### TASK
Whatever lies between the line that holds "The pig surfing sticker #3953030" and the final line of the records below, both included, should be repeated exactly; leave out the pictures and add nothing.

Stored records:

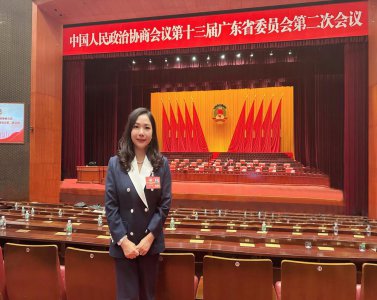 ​省政协委员黄少媚：发挥房地产业“筑巢引凤”载体作用，向高质量发展迈进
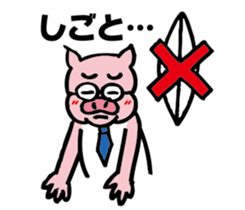 The pig surfing sticker #3953030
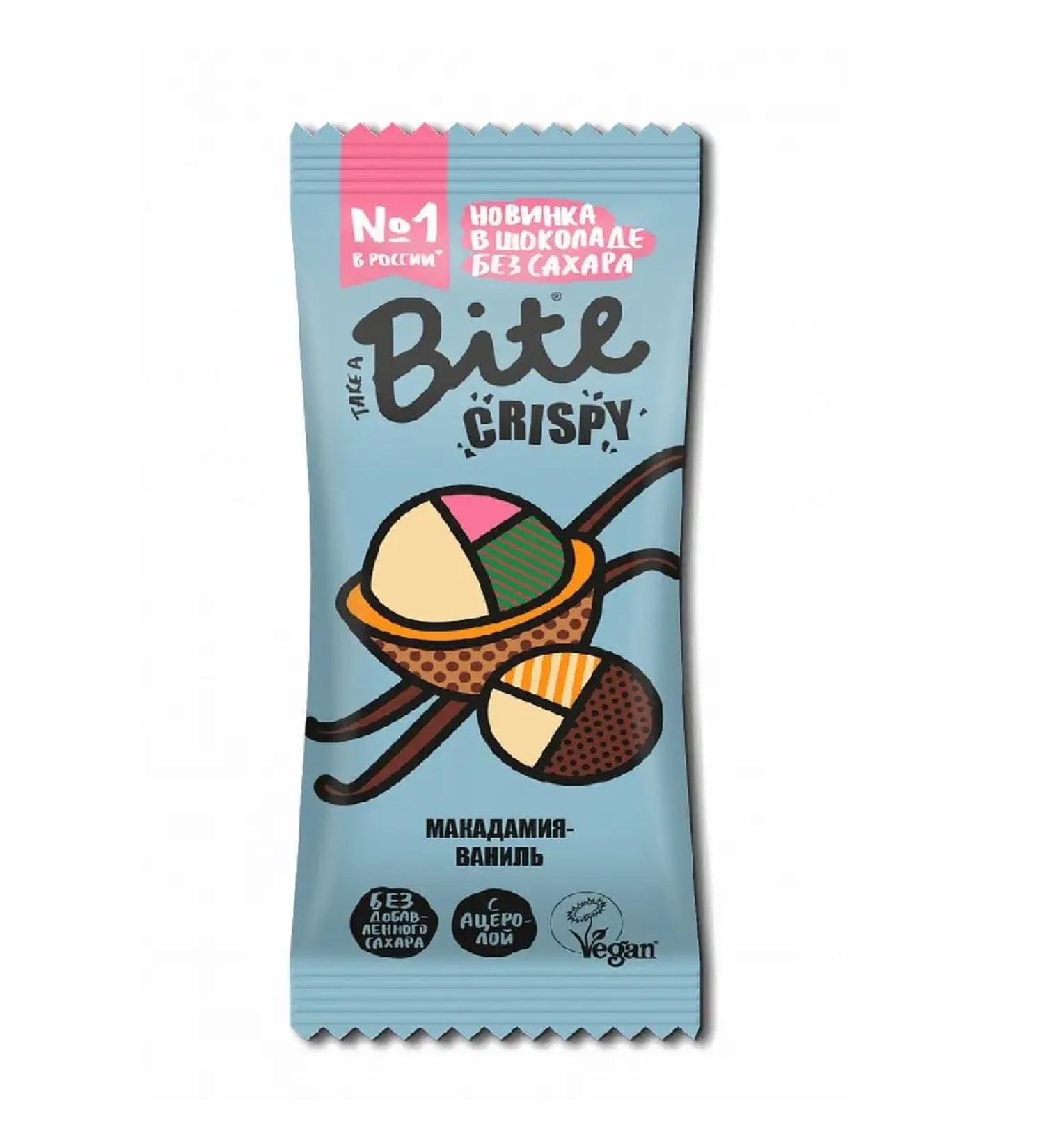 2Davids Bite Bite Macadamia-Vanil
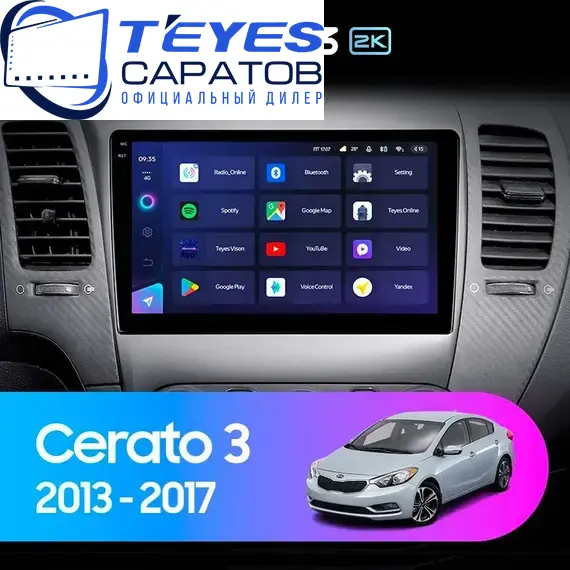 Штатная магнитола TEYES CC3 2K 6/128 9.5" для Kia Cerato 2013-2016 - комплектация [F1 C]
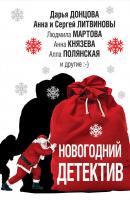Новогодний детектив (сборник) - Дарья Донцова Великолепные детективные истории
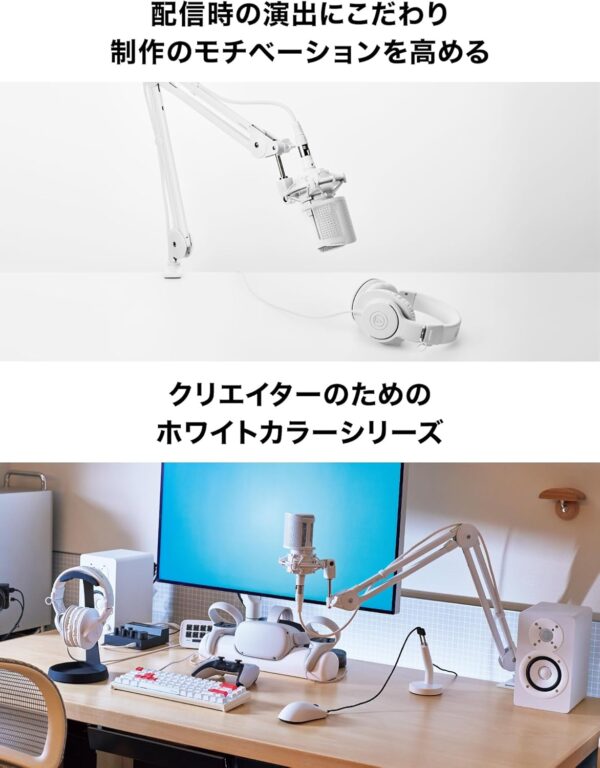 カラー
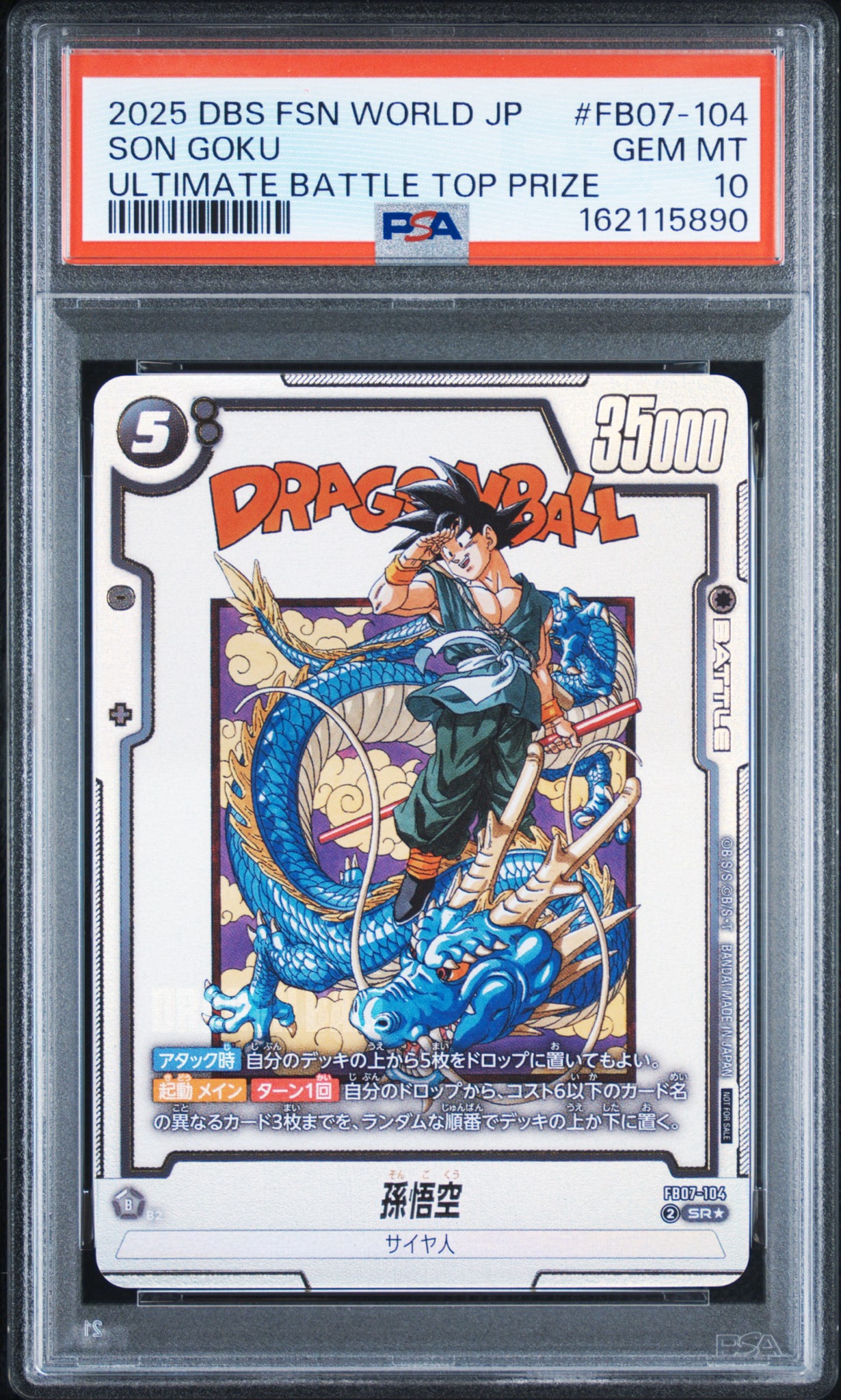 PSA10】孫悟空 SR☆ :上位記念品 [FB07-104](プロモーションカード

### RESULT OF THE TASK
 The pig surfing sticker #3953030
 2Davids Bite Bite Macadamia-Vanil
 Штатная магнитола TEYES CC3 2K 6/128 9.5" для Kia Cerato 2013-2016 - комплектация [F1 C]
Новогодний детектив (сборник) - Дарья Донцова Великолепные детективные истории
 カラー
 PSA10】孫悟空 SR☆ :上位記念品 [FB07-104](プロモーションカード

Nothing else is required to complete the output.